Darklord Varvara, Nekropolis

When it comes to physical regression and similar fantastical conditions, it always seems to stop at infancy: even in the event of a Death by De-aging, it usually just results in the victim vanishing out of existence and rarely delves into the biological implications — unless, of course, the story feels like getting into Body Horror. The same goes for other fantastical means of regaining youth, for even characters blessed with Born-Again Immortality tend to regain awareness at the moment of birth and no earlier.

However, a rare few get to experience a return to the very earliest stages of their existence: the womb itself.

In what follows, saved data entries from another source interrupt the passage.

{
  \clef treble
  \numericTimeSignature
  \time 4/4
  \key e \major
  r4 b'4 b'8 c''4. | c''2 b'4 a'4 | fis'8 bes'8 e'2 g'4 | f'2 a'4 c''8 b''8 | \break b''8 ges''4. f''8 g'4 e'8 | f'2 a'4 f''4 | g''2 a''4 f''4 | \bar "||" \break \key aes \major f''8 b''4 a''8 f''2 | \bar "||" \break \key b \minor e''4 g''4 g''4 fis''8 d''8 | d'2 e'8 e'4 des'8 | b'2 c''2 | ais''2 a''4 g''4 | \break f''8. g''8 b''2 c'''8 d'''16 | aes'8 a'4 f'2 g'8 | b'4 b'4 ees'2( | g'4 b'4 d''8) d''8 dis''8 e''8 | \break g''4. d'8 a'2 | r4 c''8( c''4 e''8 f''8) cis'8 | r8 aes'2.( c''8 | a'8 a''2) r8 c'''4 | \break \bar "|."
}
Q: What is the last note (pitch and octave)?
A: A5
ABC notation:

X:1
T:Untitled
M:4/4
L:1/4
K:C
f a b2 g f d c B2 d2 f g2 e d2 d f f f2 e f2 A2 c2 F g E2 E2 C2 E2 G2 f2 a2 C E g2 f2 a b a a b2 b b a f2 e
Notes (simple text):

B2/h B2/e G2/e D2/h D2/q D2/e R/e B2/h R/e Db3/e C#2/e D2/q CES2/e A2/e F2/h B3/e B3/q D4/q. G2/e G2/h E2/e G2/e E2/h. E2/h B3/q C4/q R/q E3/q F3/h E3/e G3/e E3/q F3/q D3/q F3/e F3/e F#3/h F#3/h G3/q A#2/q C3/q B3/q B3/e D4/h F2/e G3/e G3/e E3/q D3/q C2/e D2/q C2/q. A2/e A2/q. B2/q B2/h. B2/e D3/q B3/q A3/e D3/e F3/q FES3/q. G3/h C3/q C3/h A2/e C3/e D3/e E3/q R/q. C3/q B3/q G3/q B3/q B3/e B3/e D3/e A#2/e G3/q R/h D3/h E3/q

This can be due to an overly-powerful case of the Fountain of Youth, Merlin Sickness taken to its logical conclusion, the aforementioned Born-Again Immortality, Mental Time Travel, or to something weirder; whatever the case, the character finds themselves back in their mother's womb, most commonly during the third trimester.

For good measure, it's very common for characters in this situation to be fully conscious and somehow still able to think on an adult level, the better to narrate their experiences. Of course, being able to understand the situation is one thing; how they react to being sent back to the womb and literally being reborn is another matter entirely...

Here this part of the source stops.